> **Exercise prompt**
Write out nothing except the lines running from the one containing "Spacious House Near Santapark 别墅 *" to the last line of the data, exactly as they stand.

Record extracts Start Marker

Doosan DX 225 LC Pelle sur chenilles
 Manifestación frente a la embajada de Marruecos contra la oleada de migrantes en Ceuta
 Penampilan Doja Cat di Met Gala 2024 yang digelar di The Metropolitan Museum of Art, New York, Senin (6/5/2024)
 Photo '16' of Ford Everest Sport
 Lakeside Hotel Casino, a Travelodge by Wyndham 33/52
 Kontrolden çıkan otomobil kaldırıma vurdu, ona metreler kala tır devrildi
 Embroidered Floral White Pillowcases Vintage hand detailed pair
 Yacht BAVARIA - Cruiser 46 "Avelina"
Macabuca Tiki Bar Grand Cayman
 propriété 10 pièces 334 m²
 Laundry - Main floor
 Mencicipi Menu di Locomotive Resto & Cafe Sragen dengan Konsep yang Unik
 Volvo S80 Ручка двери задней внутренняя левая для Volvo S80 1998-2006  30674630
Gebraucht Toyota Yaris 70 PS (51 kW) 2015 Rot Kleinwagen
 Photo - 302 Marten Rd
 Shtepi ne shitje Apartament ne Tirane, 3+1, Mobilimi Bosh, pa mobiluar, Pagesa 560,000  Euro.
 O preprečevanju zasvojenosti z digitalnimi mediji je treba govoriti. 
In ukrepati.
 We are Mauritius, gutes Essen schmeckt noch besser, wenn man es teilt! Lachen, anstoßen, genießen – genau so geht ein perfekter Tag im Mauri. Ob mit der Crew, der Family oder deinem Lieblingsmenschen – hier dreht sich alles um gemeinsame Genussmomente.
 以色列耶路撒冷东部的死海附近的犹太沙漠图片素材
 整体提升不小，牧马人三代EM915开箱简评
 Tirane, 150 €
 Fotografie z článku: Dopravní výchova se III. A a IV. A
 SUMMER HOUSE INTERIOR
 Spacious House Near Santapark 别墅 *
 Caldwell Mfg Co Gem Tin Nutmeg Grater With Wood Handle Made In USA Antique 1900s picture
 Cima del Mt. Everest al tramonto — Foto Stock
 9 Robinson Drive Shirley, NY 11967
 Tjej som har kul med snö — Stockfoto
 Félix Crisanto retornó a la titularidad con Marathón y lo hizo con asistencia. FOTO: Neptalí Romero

Record extracts End Marker

> **Task response**
 Spacious House Near Santapark 别墅 *
 Caldwell Mfg Co Gem Tin Nutmeg Grater With Wood Handle Made In USA Antique 1900s picture
 Cima del Mt. Everest al tramonto — Foto Stock
 9 Robinson Drive Shirley, NY 11967
 Tjej som har kul med snö — Stockfoto
 Félix Crisanto retornó a la titularidad con Marathón y lo hizo con asistencia. FOTO: Neptalí Romero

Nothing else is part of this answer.